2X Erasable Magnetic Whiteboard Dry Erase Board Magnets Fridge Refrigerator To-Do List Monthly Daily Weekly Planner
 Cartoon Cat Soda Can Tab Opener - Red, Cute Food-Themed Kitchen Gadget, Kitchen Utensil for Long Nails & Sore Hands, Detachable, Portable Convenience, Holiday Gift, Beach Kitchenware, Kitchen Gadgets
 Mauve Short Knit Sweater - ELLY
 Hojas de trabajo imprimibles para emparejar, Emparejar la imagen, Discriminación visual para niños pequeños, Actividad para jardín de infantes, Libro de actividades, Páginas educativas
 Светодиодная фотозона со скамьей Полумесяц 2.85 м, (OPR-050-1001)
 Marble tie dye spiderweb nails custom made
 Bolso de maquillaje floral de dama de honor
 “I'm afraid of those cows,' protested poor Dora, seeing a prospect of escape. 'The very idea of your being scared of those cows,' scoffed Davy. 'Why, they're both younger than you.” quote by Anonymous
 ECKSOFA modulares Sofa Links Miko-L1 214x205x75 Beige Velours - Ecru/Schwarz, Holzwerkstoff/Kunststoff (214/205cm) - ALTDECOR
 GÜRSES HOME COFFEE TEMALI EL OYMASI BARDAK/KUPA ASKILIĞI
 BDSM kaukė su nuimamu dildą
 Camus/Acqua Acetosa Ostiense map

## Task
Retype the whole listing exactly.

## Written reply
2X Erasable Magnetic Whiteboard Dry Erase Board Magnets Fridge Refrigerator To-Do List Monthly Daily Weekly Planner
 Cartoon Cat Soda Can Tab Opener - Red, Cute Food-Themed Kitchen Gadget, Kitchen Utensil for Long Nails & Sore Hands, Detachable, Portable Convenience, Holiday Gift, Beach Kitchenware, Kitchen Gadgets
 Mauve Short Knit Sweater - ELLY
 Hojas de trabajo imprimibles para emparejar, Emparejar la imagen, Discriminación visual para niños pequeños, Actividad para jardín de infantes, Libro de actividades, Páginas educativas
 Светодиодная фотозона со скамьей Полумесяц 2.85 м, (OPR-050-1001)
 Marble tie dye spiderweb nails custom made
 Bolso de maquillaje floral de dama de honor
 “I'm afraid of those cows,' protested poor Dora, seeing a prospect of escape. 'The very idea of your being scared of those cows,' scoffed Davy. 'Why, they're both younger than you.” quote by Anonymous
 ECKSOFA modulares Sofa Links Miko-L1 214x205x75 Beige Velours - Ecru/Schwarz, Holzwerkstoff/Kunststoff (214/205cm) - ALTDECOR
 GÜRSES HOME COFFEE TEMALI EL OYMASI BARDAK/KUPA ASKILIĞI
 BDSM kaukė su nuimamu dildą
 Camus/Acqua Acetosa Ostiense map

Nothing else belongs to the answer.